Tuesday, July 16, 2013

Bring It

This post has been a week in the making. My mental state has been all over the place. I'll try and summarize it all here.

First let's get to the perfunctory information:  Last Friday was my monthly visit with Dr Berenson. All is good. My numbers are holding steady. 24 hour protein is as low as it has been, 1080. The paraprotein, the bad myeloma-produced protein, is 53% of the total. Do the math and we have a real good number. Blood counts have been low, not unusual. Creatinin still moves around 3.6 and 3.8. Not bad, but I'm still looking for a lower number.
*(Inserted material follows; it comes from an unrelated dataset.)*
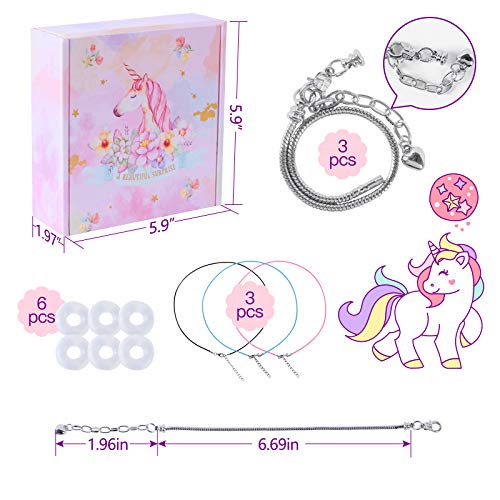 Unicornio Pulsera para niña Kit de fabricación de Joyas para niña Kit para Hacer Joyas para niñas, Kits para Hacer Pulseras con dijes Colgantes Cuentas Cadenas, Juegos de artesanías para niños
I did mention to the doctor that I'm experiencing a harder crash lately from the dex. I take a second steroid, Medrol, at home, but he has me off it 2 days before and after the dex. The goal is to not get too wired on steroids. Because of the crash, we'll now ease back onto Medrol sooner. We'll see how that works.  Nonetheless Dr B is real happy. I'm real happy. We all are real happy. 
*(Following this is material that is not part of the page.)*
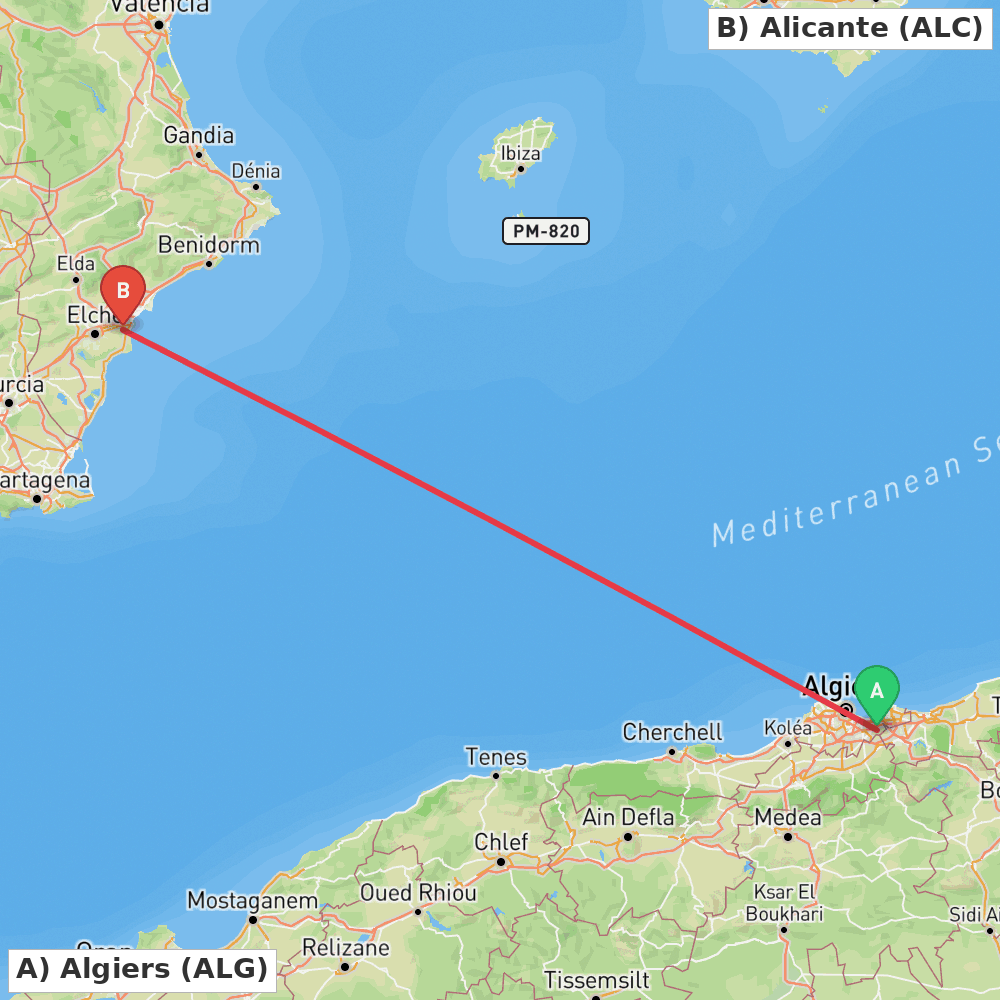 Flight route map from Algiers to Alicante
I also saw the kidney doctor, Levine.  I visit him once every 2 or 3 months.  He's also happy. He's also the doctor who a few months ago told me to lose weight. I don't think he remembers. I reminded him and said I followed his instructions.

Let's talk about my drive home from Berenson. Typically Leslie comes with me Dr B. She couldn't last week, because we had a broken water pipe under the master bedroom. Water. We had a lake under our house. So last Friday she stayed home to deal with plumbers, demo contractors for the water damaged floors and walls, and insurance. Driving home from Berenson, I actually didn't know the extent of the damage yet.

Let's also talk about my job. I work as a planner at the Port of Long Beach.  We are gearing up for the start of construction of a billion dollar bridge. Before construction of the bridge can start, a whole lot of active oil drilling operations and previously abandoned oil operations must be relocated.  My job is to coordinate this relocation which is going to cost over $200 million.  Almost daily I make million dollar decisions. It's stressful. It's challenging. Every day is something new and I love it. It's pretty high profile and I take a fair amount of heat for the costs. I don't mind. I actually enjoy it. I think my approach has been shaped by my myeloma experience.  Paitence, calm. The problem is each day, each week, I get busier. I usually work during chemo. I often work at night or weekends. But it's a pace that isn't sustainable. I am trying to get help.

The point I'm trying to make is that while driving home from Dr B, I had myeloma, home issues and work on my mind. For a fleeting moment during the drive I felt like I was feeling overwhelmed. All this time I thought I could handle it all. But maybe I couldn't. So it was pep talk time.

The drive home from Berenson is 30 miles. On a Friday afternoon in L.A., we're talking two hours. It gave me a chance to define and refine my pep talk. There's a whole bunch of people who say Fuck Cancer. I get it. I said it at first. But for me, now I can't quite say it about my circumstance. I feel like it gives it power and control. I can't let the myeloma control me. I can't let any of this life stuff control me. I need to be in control. I need to control the myeloma.  It's kind of a new mind set for me. Driving home, I vowed to take control of everything. I can handle it all.  My pep talk gave me my new motto, which is: Bring it! I'll fuck you up.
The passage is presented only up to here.